NASA announced today the launch of an emergency mission to save the Neil Gehrels Swift Observatory from an imminent uncontrolled reentry and destructive burnup in Earth's atmosphere.
According to the agency, the emergency action comes after intense recent solar activity caused the outer layers of Earth's atmosphere to expand, increasing drag and sharply lowering the telescope's orbit from 373 miles to less than 250 miles, threatening to end the career of one of science's most important observatories.
To carry out the operation, which carries a price tag of $30 million, NASA has enlisted startup Catalyst Space Technologies to develop a dedicated robotic rescue vehicle equipped with three robotic arms. The vehicle will track down the telescope, grasp its body with precision, and then boost it back into a higher, more stable orbit that will allow it to continue monitoring the universe's largest cosmic explosions for additional years.
The agency indicated that the plan calls for launching the robotic vehicle as early as this week.

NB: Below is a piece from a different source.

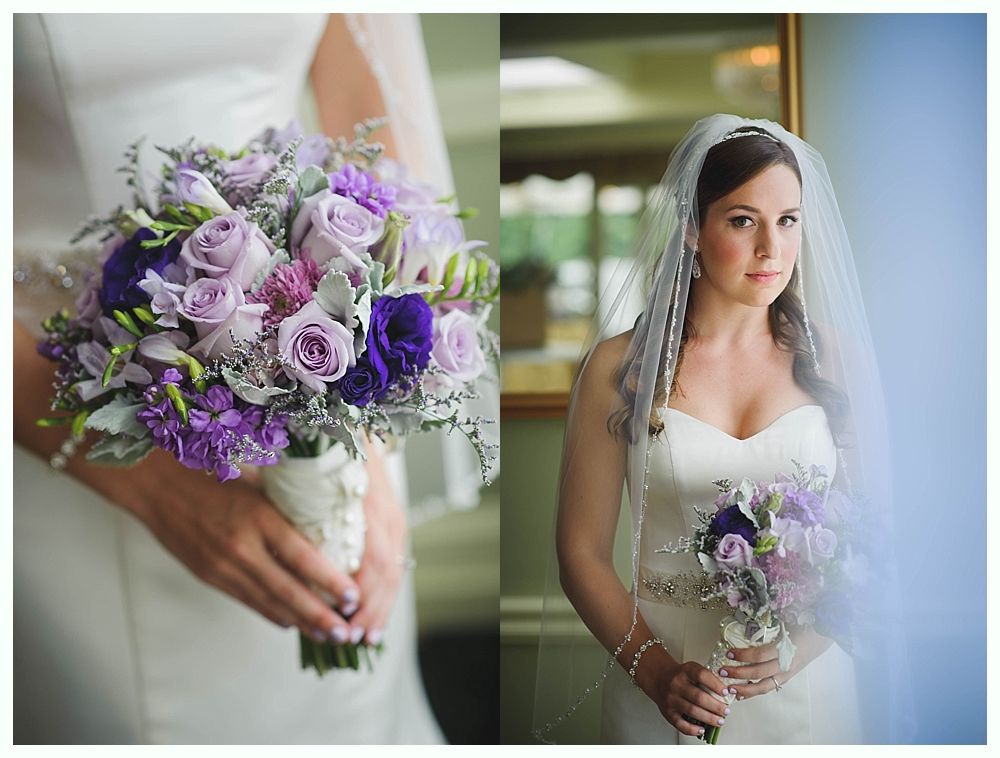 Bride holding purple floral bouquet, wearing a veil and white gown.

It will lift off aboard a Pegasus XL rocket carried aloft by an aircraft and released above a coral island in the Marshall Islands in the Pacific Ocean.
The Neil Gehrels Swift Observatory has been scanning the universe since its launch in 2004, but the peak of the current solar cycle has accelerated its gradual orbital decay, making a boost to a safe orbit an urgent necessity to ensure its continued service and the pursuit of its unique scientific mission.